Work to be completed — From the records below, print only the part that opens with the line containing "ヴァン カウンシル 川口店(VAN" and closes with the line containing "Delonghi Nespresso - Nespresso"; omit the pictures.

Records shown —
..............................

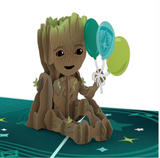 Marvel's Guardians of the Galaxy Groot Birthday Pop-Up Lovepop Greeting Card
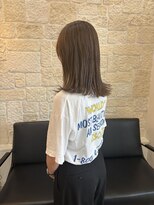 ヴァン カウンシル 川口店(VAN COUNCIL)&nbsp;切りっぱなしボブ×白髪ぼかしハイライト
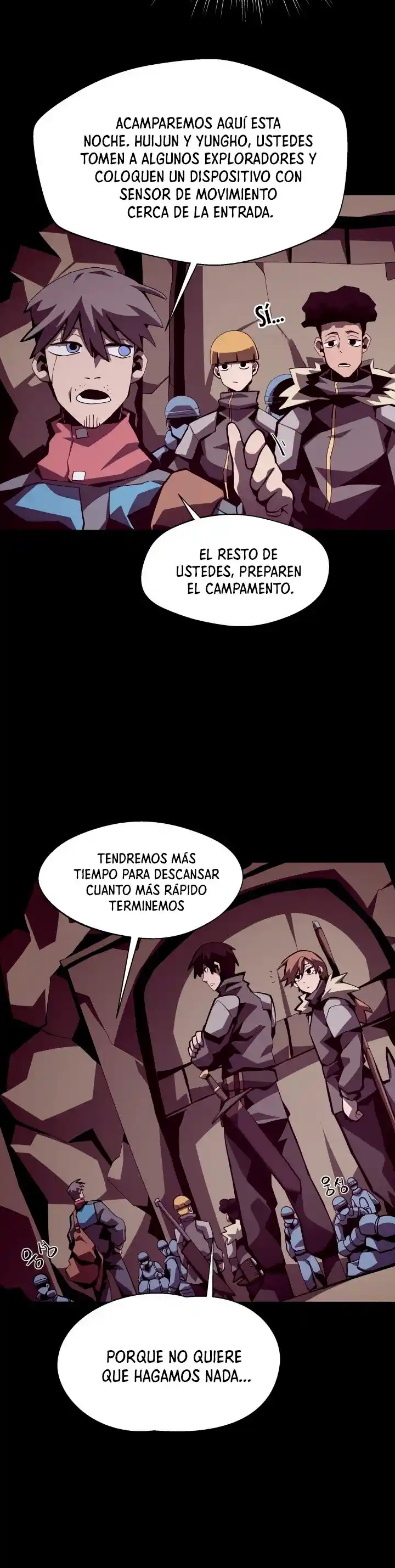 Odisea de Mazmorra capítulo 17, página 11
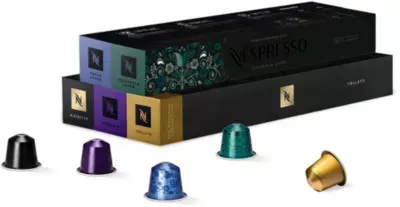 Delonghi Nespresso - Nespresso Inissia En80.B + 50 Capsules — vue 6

..............................

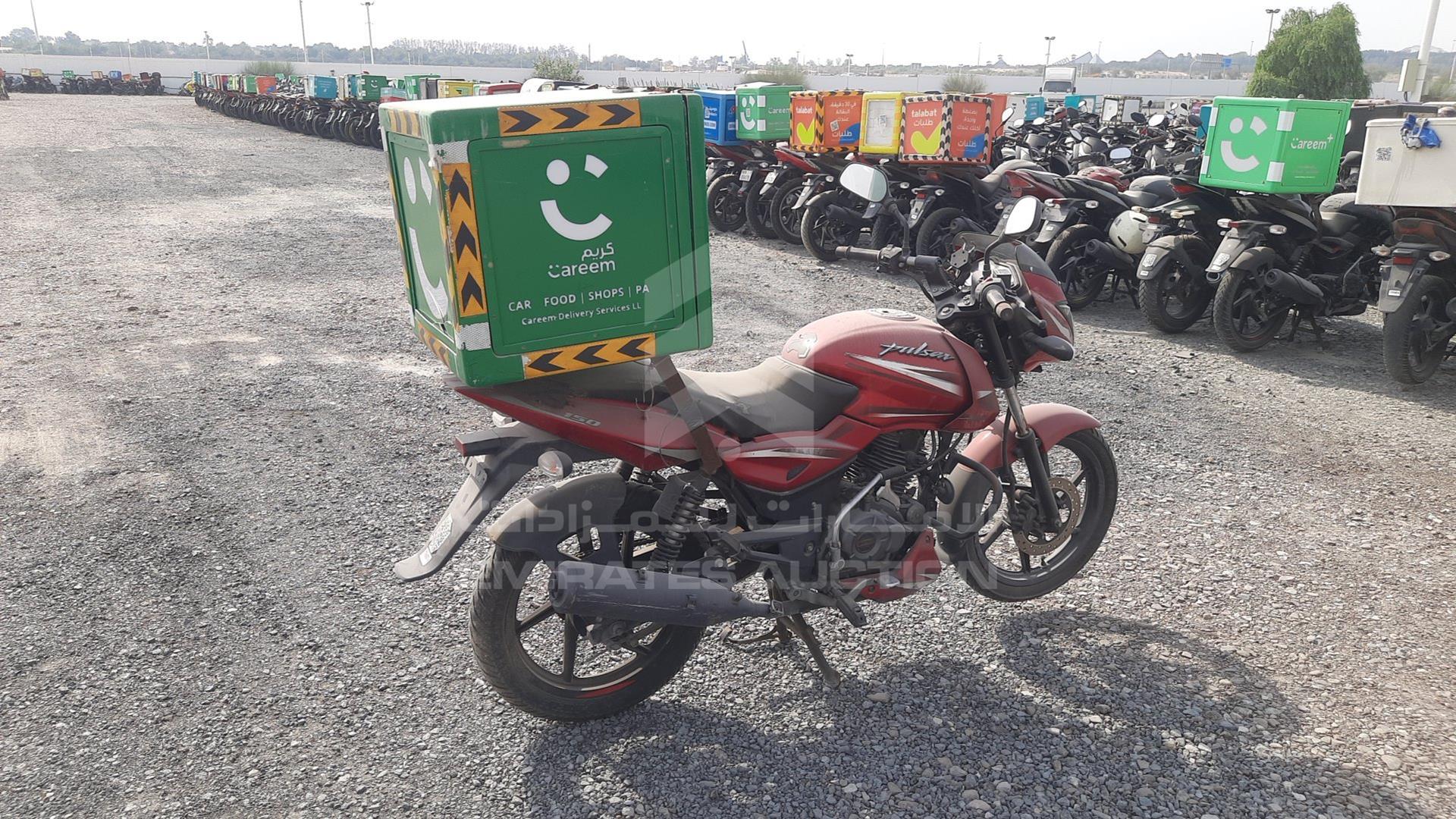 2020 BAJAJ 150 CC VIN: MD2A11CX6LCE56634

..............................

Finished task —
 ヴァン カウンシル 川口店(VAN COUNCIL)&nbsp;切りっぱなしボブ×白髪ぼかしハイライト
 Odisea de Mazmorra capítulo 17, página 11
 Delonghi Nespresso - Nespresso Inissia En80.B + 50 Capsules — vue 6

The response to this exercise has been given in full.